The Playground 

The mother took her son to the playground. It had a lime-green hill of new grass, a blueberry sky, a lemon sun, cherry-red monkey bars, a marmalade merry-go-round, and a raspberry jungle gym. A brawny youth with bad hair was pushing a bloodless face into the sand below the monkey bars while others cheered in ecstasy. Not long after he was chasing a girl and lifting up her skirt to the sound of more cheers. What is this? the little boy asked, feeling cold as if gravity itself had run away. That, my son, is the organizing principle of the world. It will be like that where you work, where you play, where you vote, and where you pray, the mother explained. When she looked over, her son was taller, maybe even stronger, but it did not matter, for it lasted but a second. She was walking away. The youth gazed at the brawling and shouting, at the radiant machinery of play, chewing a piece of straw, whispering one question to nobody in particular. Where should I go? The wind and the emptiness heard him. They spoke of other places. Rusted old libraries. Museums of copper sulfate. The tarnished squares. The ashen junkyard. The black woods and fields. 

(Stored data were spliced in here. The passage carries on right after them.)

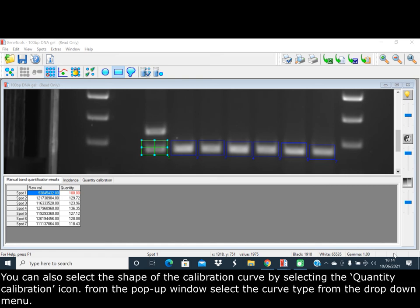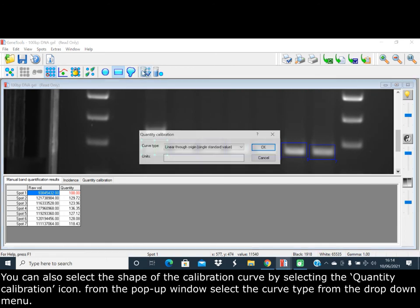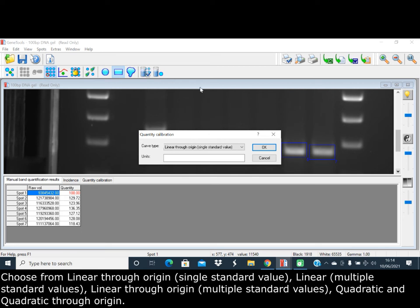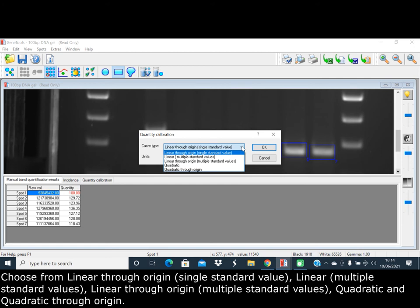You can also select the shape of the calibration curve by selecting the quantity calibration icon. From the pop-up window, select the curve type from the drop-down menu. Choose from Linear Through Origin Single Standard Value, Linear Multiple Standard Values, Linear Through Origin Multiple Standard Values, Quadratic, and Quadratic Through Origin.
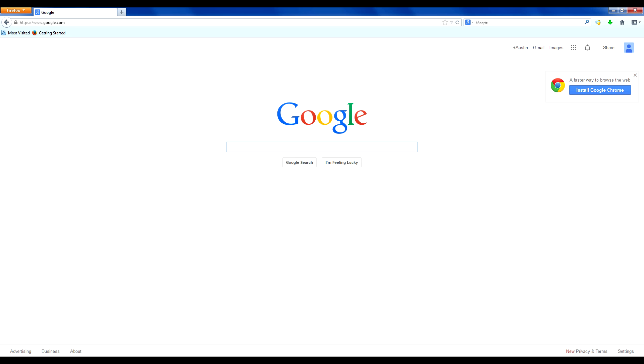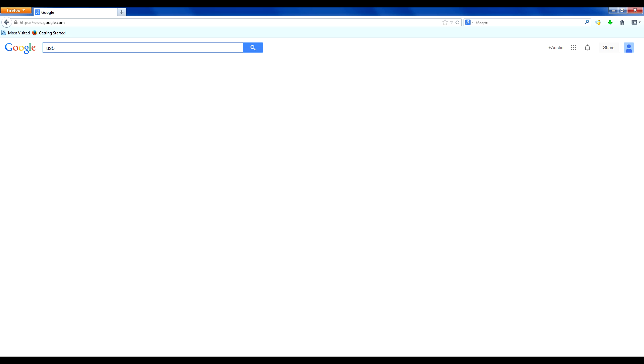Now there are other tutorials on how you can change your polling rate, but today I'm just going to teach you how to check your polling rate. So first thing you want to do is go to Google and type in USB mouse rate checker.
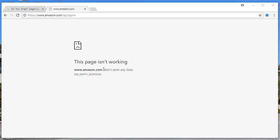Hello friends. So guys, it's a popular error — 'this page isn't working.' I was trying to open this website and it did not send any data, error empty response. I'll be guiding you step by step today. There are lots of reasons why you are getting this error message, and today we are going to fix it completely.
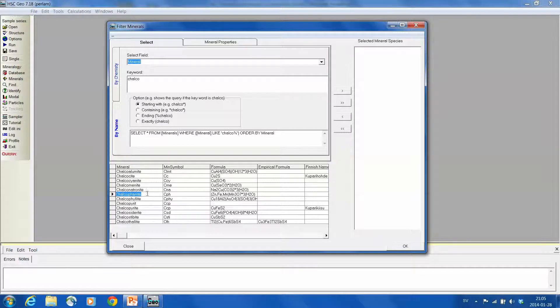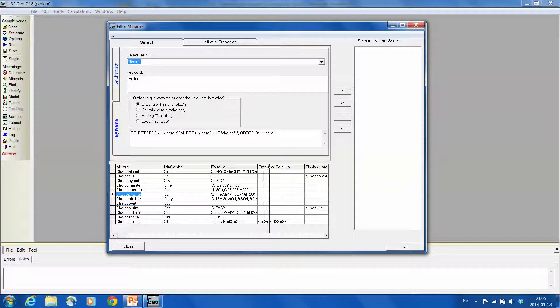No, this one actually, Chalco is not containing copper in its formula. Is that true? Yeah.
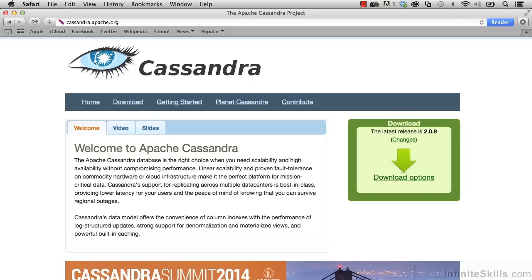This is the homepage for Apache Cassandra. Here it mentions linear scalability, which, like it sounds, is the case with Cassandra. You can add more and more nodes to the cluster and it will still have top performance — it will still be highly performant. There's no degradation of performance as you add additional nodes.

Strolling through the blazing wheatfields, the thief praised the glory of nature and the beauty of the blue skies and golden grain. One by one, he plucked the ears, and dreamed of the universe, how it was made of grain and sand, some 1,000,000,000,000,000,000,000,000,000,000,000,000,000,000,000,000,000,000,000,000,000 seeds scattered across the black empyrean. And he dreamed of that moment when the little stones of light, invisible to the eye, collided to create the moon, sun and stars. And the moment the first atoms made plankton and grass, and then the grass made trees. And the plankton made tadpoles, which became larvae and diseases, which changed into scarabs, which begot salamanders, who engendered frogs, fish, calamaria, and sharks, who turned into birds, who became dogs, and the dogs brought forth the deer, the giraffe, the oxen, the camels, the hippopotami, the bear, the jackal, the ape and the human. It would have been wonderful to see man or woman strike flints to see the first spark, for sparks are also like seeds, like grains, like little stones and drops of water. With his hand full of grain, the thief stopped to gaze into the sky. Beyond the cypress trees, a flock of black birds circled, as if forming an eye gazing into eternal emptiness. Nothing can be made of nothing, the thief whispered, his heart almost frozen. The wind blew the grains of wheat into the air, they circled like the birds, and then they were gone.